ECLI:NL:RVS:2012:BV2895
Raad van State
- Hoger beroep
- H.G. Lubberdink
- C.J. Borman
- A.B.M. Hent
- R.C.S. Bakker
- Rechtspraak.nl
Hoger beroep inzake de controle op illegaal verblijf nabij de Duits-Nederlandse grens
In deze zaak gaat het om een hoger beroep van de minister voor Immigratie en Asiel tegen een uitspraak van de rechtbank 's-Gravenhage, nevenzittingsplaats Roermond, die op 4 juli 2011 de vreemdeling in vreemdelingenbewaring had gesteld. De rechtbank had het beroep van de vreemdeling gegrond verklaard en de opheffing van de maatregel van bewaring bevolen, alsook schadevergoeding toegekend. De minister heeft hiertegen hoger beroep ingesteld, waarbij de Afdeling bestuursrechtspraak van de Raad van State de zaak heeft beoordeeld.
De Afdeling heeft vastgesteld dat de controle op de A67 te Venlo, uitgevoerd op 19 juni 2011, in overeenstemming was met artikel 4.17a van het Vreemdelingenbesluit 2000. De vreemdeling betoogde dat de controle niet rechtmatig was, omdat deze zou zijn uitgevoerd op meer dan twintig kilometer van de grens. De Afdeling oordeelde echter dat de controle plaatsvond op de uitrijstrook Venlo, net achter de Duits-Nederlandse grensovergang, en dat de afstand tot de grens niet overschreden werd. De Afdeling concludeerde dat er geen grond was voor het oordeel dat de controle niet aan de wettelijke eisen voldeed.

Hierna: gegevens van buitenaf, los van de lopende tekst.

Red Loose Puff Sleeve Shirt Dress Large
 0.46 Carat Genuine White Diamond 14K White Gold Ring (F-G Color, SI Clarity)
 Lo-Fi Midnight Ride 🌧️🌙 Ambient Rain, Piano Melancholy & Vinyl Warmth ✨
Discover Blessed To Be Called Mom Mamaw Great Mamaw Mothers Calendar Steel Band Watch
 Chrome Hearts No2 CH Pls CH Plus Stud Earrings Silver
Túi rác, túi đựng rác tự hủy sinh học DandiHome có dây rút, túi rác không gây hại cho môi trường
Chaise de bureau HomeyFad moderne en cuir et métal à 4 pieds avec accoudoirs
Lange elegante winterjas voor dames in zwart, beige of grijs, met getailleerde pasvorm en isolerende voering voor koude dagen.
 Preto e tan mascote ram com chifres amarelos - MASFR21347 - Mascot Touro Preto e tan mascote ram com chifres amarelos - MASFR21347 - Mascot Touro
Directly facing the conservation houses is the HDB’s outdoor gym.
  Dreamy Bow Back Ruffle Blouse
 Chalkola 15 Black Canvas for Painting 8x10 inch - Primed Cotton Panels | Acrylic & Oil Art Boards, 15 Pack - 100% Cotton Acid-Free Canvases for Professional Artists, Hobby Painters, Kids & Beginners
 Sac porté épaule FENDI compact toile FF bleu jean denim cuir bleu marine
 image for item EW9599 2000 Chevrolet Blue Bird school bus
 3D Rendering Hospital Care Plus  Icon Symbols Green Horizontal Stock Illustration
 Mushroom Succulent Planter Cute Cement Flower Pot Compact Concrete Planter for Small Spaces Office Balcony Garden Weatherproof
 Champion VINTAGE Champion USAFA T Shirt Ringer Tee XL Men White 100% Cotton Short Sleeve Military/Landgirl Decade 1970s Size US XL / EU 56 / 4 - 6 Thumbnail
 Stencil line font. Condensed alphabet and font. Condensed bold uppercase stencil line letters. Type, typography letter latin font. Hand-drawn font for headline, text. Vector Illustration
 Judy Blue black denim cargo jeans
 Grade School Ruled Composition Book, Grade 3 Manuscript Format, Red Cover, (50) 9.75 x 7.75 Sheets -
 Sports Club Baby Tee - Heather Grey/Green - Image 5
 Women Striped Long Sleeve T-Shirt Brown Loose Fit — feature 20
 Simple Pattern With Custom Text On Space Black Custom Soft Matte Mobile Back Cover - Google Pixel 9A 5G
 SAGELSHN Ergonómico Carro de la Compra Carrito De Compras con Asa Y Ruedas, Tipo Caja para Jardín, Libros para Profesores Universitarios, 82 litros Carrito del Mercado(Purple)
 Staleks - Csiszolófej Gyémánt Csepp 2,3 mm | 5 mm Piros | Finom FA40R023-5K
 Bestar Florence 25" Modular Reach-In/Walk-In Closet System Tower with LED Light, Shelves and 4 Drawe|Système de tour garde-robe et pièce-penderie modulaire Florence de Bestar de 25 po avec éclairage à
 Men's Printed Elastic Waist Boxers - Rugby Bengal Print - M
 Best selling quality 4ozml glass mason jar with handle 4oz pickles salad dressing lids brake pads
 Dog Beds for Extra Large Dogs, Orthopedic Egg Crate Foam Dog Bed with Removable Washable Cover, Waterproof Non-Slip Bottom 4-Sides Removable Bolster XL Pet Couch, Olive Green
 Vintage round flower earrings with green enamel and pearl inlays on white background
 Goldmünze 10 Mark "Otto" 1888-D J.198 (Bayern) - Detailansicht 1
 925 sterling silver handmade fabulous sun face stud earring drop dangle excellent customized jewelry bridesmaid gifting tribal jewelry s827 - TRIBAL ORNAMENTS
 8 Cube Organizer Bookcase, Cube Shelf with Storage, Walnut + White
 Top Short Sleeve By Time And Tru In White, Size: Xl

De uitspraak van de rechtbank werd vernietigd, en het beroep van de vreemdeling werd ongegrond verklaard. De Afdeling wees ook het verzoek om schadevergoeding af. De uitspraak werd gedaan in naam der Koningin, waarbij de voorzitter en de leden van de Afdeling de beslissing ondertekenden. De zaak benadrukt de strikte naleving van de regels omtrent vreemdelingenbewaring en de controle op illegaal verblijf, vooral in de context van grenscontroles.